Work instructions:
From the records below, transcribe only the lines running from the one with "Image of Furinno" through the one with "Ancor Flat Ribbon". Keep both of those end lines.

Records for the exercise:
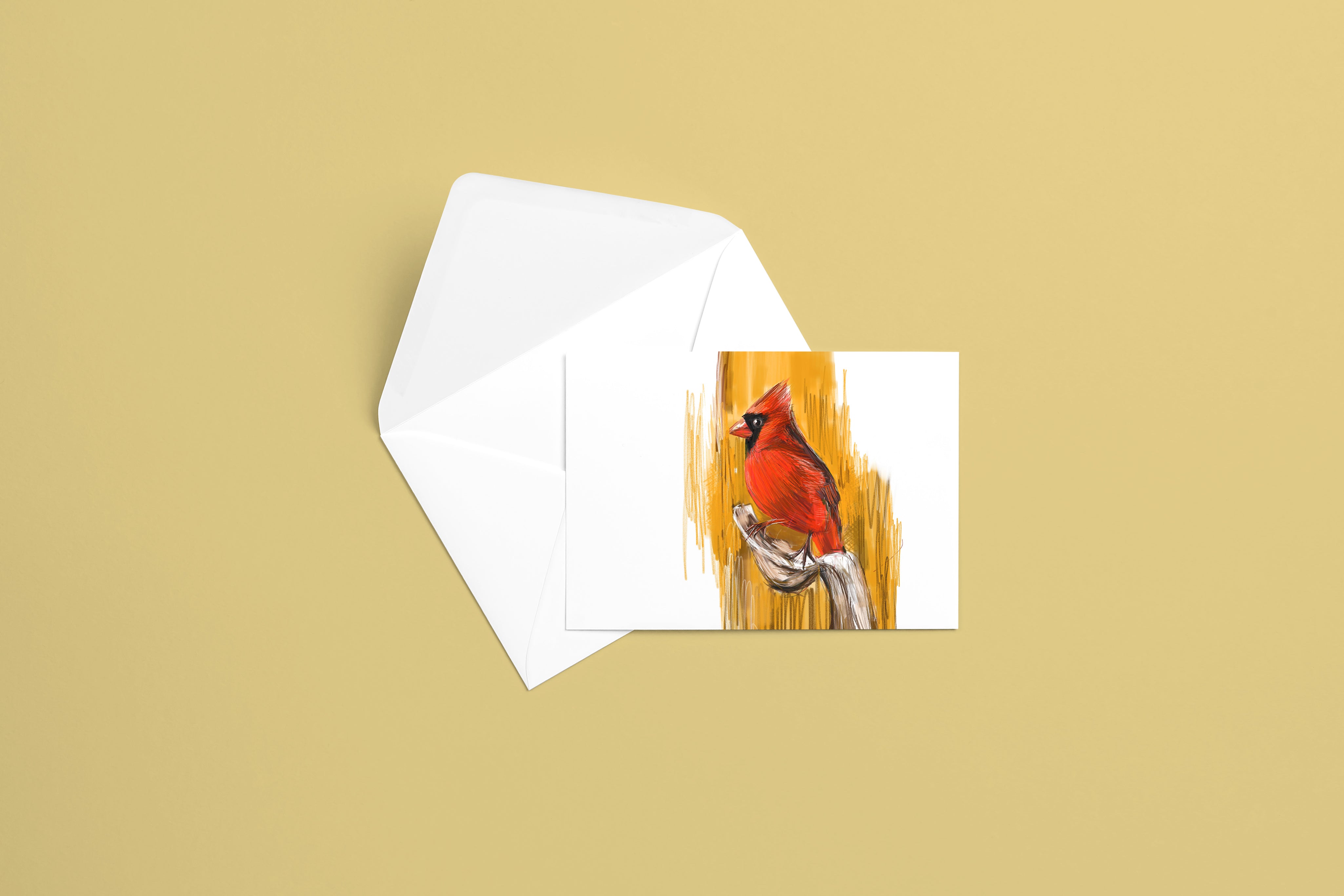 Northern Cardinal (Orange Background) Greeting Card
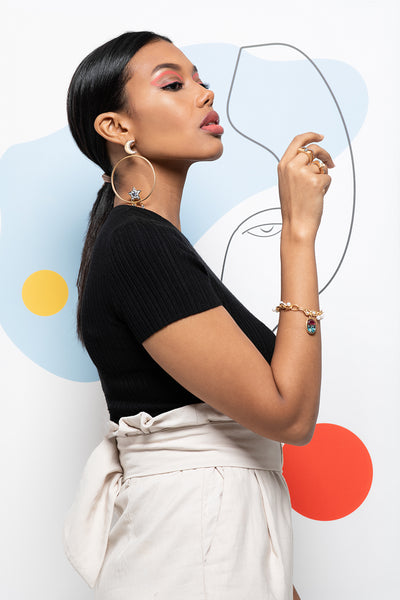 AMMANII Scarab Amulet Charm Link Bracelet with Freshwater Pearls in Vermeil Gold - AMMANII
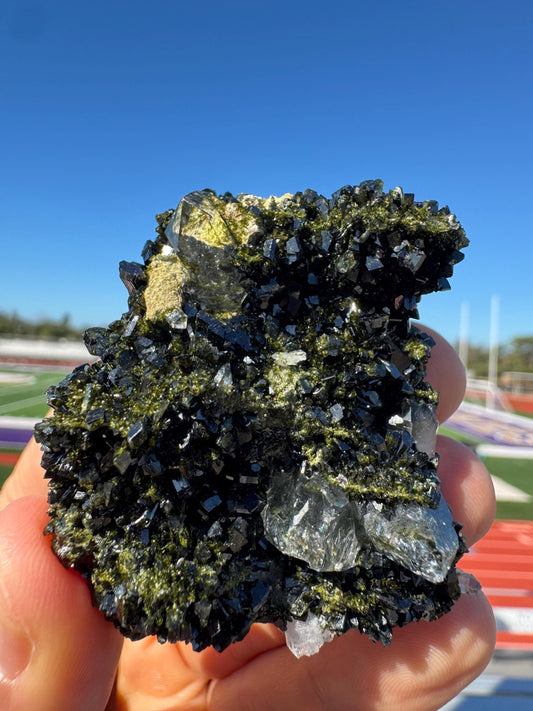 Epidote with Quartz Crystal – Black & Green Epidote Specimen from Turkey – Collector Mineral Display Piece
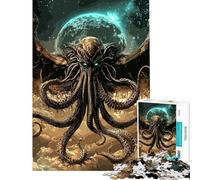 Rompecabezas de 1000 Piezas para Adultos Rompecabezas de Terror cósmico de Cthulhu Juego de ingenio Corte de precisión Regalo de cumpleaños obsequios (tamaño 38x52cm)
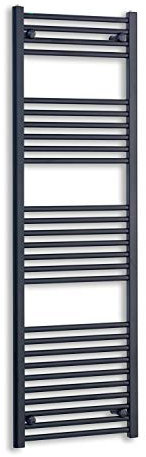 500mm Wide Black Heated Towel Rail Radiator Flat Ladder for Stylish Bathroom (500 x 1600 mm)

==

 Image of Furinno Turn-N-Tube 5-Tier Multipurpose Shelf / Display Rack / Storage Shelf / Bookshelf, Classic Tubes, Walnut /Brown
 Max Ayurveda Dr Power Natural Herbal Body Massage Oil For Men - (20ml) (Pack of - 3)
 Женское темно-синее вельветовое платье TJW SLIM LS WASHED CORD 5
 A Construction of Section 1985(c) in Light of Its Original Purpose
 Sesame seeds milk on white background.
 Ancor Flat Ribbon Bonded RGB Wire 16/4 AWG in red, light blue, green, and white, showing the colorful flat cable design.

==

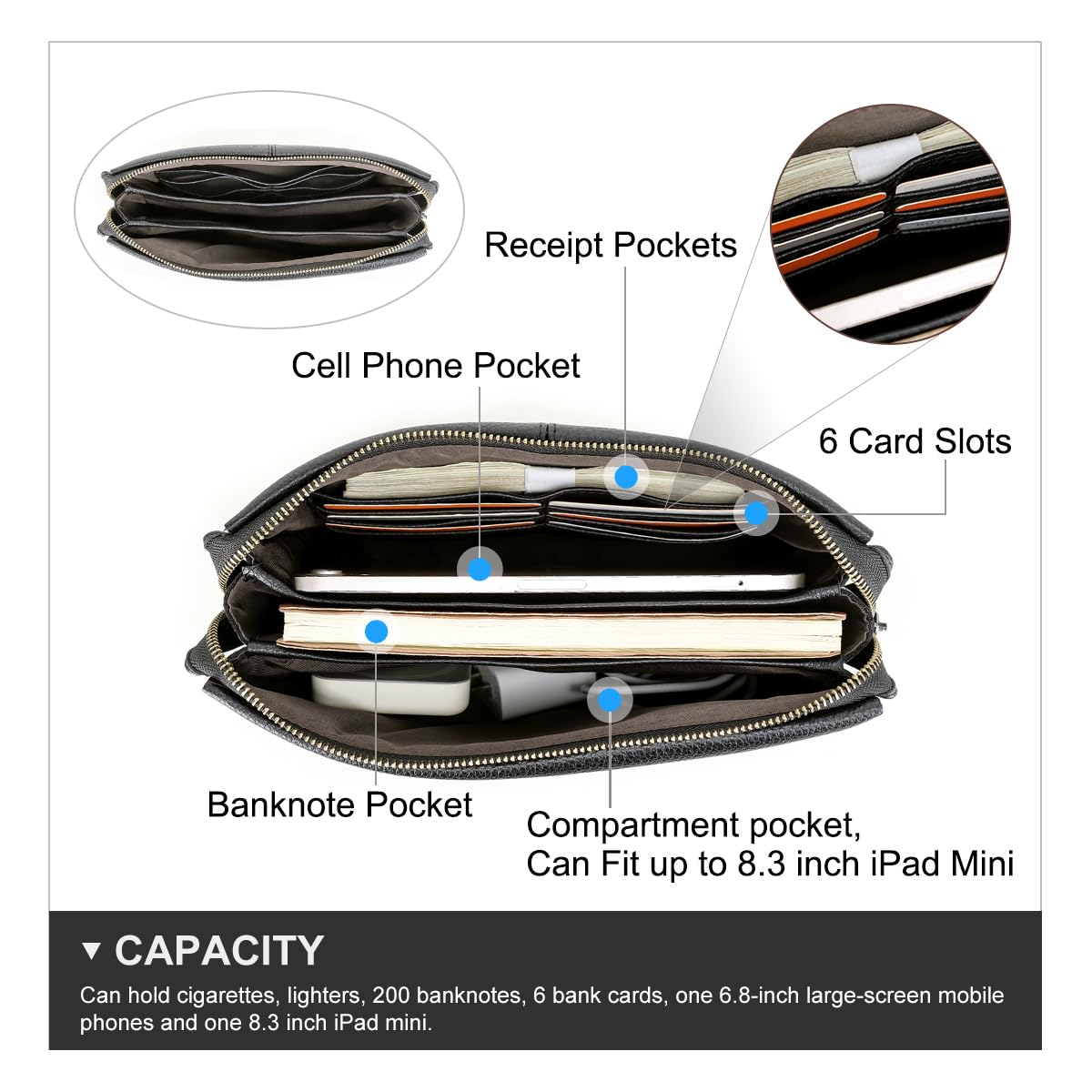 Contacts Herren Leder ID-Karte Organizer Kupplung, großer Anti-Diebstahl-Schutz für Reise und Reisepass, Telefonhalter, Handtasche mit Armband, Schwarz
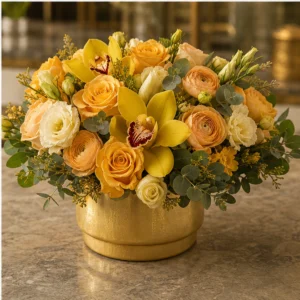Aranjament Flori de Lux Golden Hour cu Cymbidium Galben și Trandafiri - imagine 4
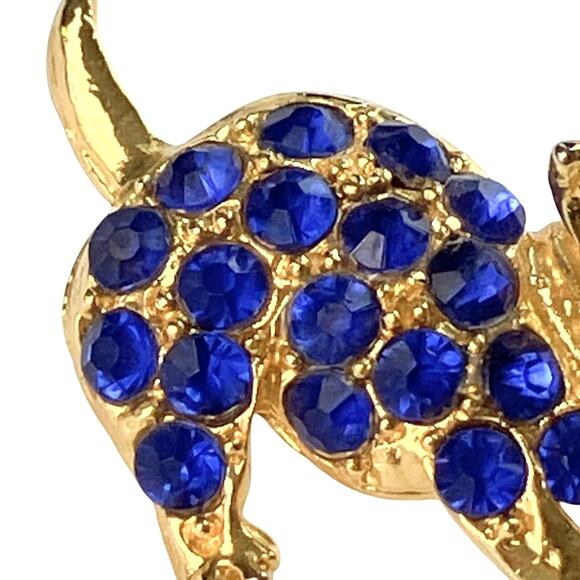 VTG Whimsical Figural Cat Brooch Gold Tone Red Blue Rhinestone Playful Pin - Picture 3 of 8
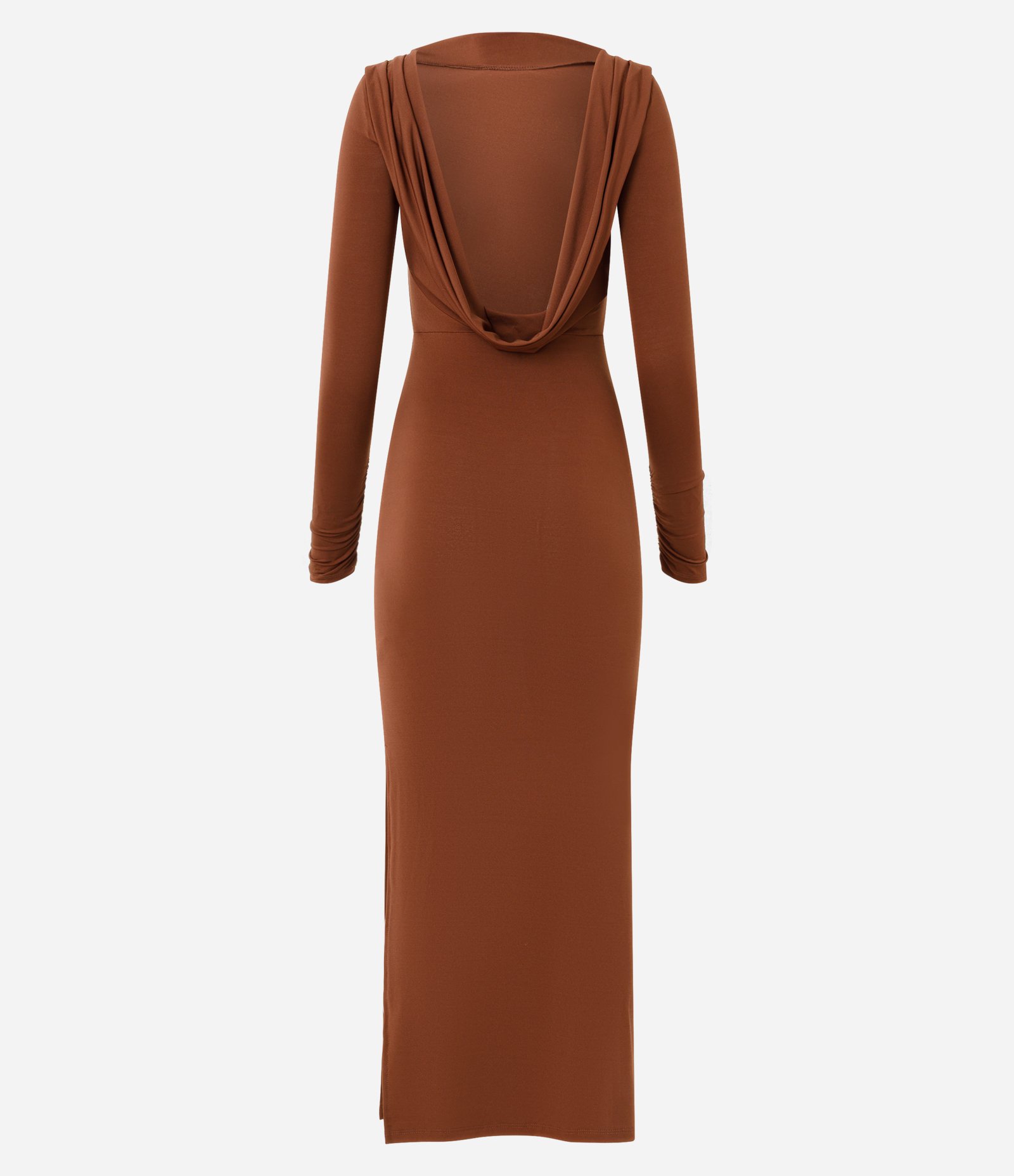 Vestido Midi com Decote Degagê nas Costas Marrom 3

Answer space:
 Image of Furinno Turn-N-Tube 5-Tier Multipurpose Shelf / Display Rack / Storage Shelf / Bookshelf, Classic Tubes, Walnut /Brown
 Max Ayurveda Dr Power Natural Herbal Body Massage Oil For Men - (20ml) (Pack of - 3)
 Женское темно-синее вельветовое платье TJW SLIM LS WASHED CORD 5
 A Construction of Section 1985(c) in Light of Its Original Purpose
 Sesame seeds milk on white background.
 Ancor Flat Ribbon Bonded RGB Wire 16/4 AWG in red, light blue, green, and white, showing the colorful flat cable design.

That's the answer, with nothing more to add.